Gather around, YA community. We need to have a talk.
Every few months in the YA world, someone pops up with a thread or thinkpiece about how girls in YA should be allowed to be girlie. Such as this. Or this. Or this. It’s difficult to meaningfully discuss articles like these because the slightest pushback invites the accusation that I don’t think girls should be allowed to be girlie. But this statement is not a simple affirmation of gender expression. It’s sitting on a whole pile of ugly baggage, and if it’s moving in permanently, we need to unpack it.
By way of a disclaimer, I’ll begin by saying that I’m not passing judgment on what the authors of these articles believe in their heart of hearts, whether they are nice people in real life, or how they themselves present their gender. As everyone knows, their intent is beside the point; however innocent or benign their motives might have been, it doesn’t change the resulting harm. To illustrate, here are some comments from Beaty’s article on The Mary Sue:
Meanwhile, all the gender nonconforming girls will be even more alienated even in the one section of media they used to be able to find some representation in. Yay, apparently.
Apparently the only way to be a “real woman” is to abide by the authors particular form of femininity. So gross.
It’s basically saying that boobs and femme-ness are the markers of ‘real women’. If the characters don’t have those, no one will know they’re women.
So whatever the goal, a very nasty message is what readers are taking away. I discussed the problem with Beaty and Andye, but neither of them saw fit to offer a correction, indicating that while the original posts may have been made in simple ignorance, neither of them is concerned enough with the consequences to set the record straight. That leaves the task to me.
It’s also tempting to preface a discussion like this with the disclaimer that yes, of course, girls should be allowed to be girlie, followed by examples of feminine characters I like and a description of the feminine characters who appear in my own work, but let’s be honest: Even if I appended that caveat to every sentence, someone would still accuse me of attacking feminine characters. The ingrained attitude that any discussion of women’s gender presentation must actively affirm femininity or else it’s anti-feminine is one manifestation of the undercurrent of bias that runs through this whole discussion.
So let’s take the enormous numbers of feminine YA characters (see below) as proof that girls are free be girlie whether or not they have permission from me and move straight into the subtext: When is an affirmation not simply an affirmation?
An affirmation is not simply an affirmation when it’s defending against a nonexistent attack.
Not a single one of these articles was inspired by someone actually criticizing a feminine character for being feminine. I have never heard anyone in the YA community attack a character for feminine gender expression. And despite the perennial complaints by adult men who don’t read YA that the genre is full of cooties, I’ve never even heard one of them complain specifically about a female character wearing a dress or liking the color pink. (They may have, but if so, it wasn’t what any of these people were responding to.)

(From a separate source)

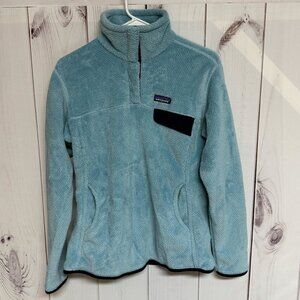 Patagonia Re-Tool Snap-T Pullover Womens Medium (est) Tubular Blue EUC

In the interests of avoiding sophistry, I’ll note that attacks aren’t always direct and overt. An attack may come in the form of disproportionate fan hatred for a character who just happens to be female (Skyler from Breaking Bad is a well-known example). This is a serious problem that really does need to be addressed, although it’s not limited to feminine characters by any means…but none of the articles actually bring this topic up, so it’s clearly not the particular type of attack that they’re concerned about.
Lack of representation can also be a form of attack. The authors are right that, if there were a total dearth of feminine characters in YA, that would amount to a systemic problem. But on the other hand, if there are plenty of feminine characters in a variety of positive, empowered roles and the authors still feel attacked, that suggests that their real objection is not that feminine characters don’t exist, but that other kinds of characters do. So which is it? Read on.
An affirmation is not simply an affirmation when it’s one-sided.
Considering these articles are ostensibly defending freedom of gender expression, the entire focus is on attacking gender-nonconforming women. Have any of these people ever mounted a defense of female characters’ right to not be feminine? For that matter, when was the last time anyone in the YA community (I mean anyone other than me) wrote a thinkpiece defending gender nonconformity? I certainly can’t point to one.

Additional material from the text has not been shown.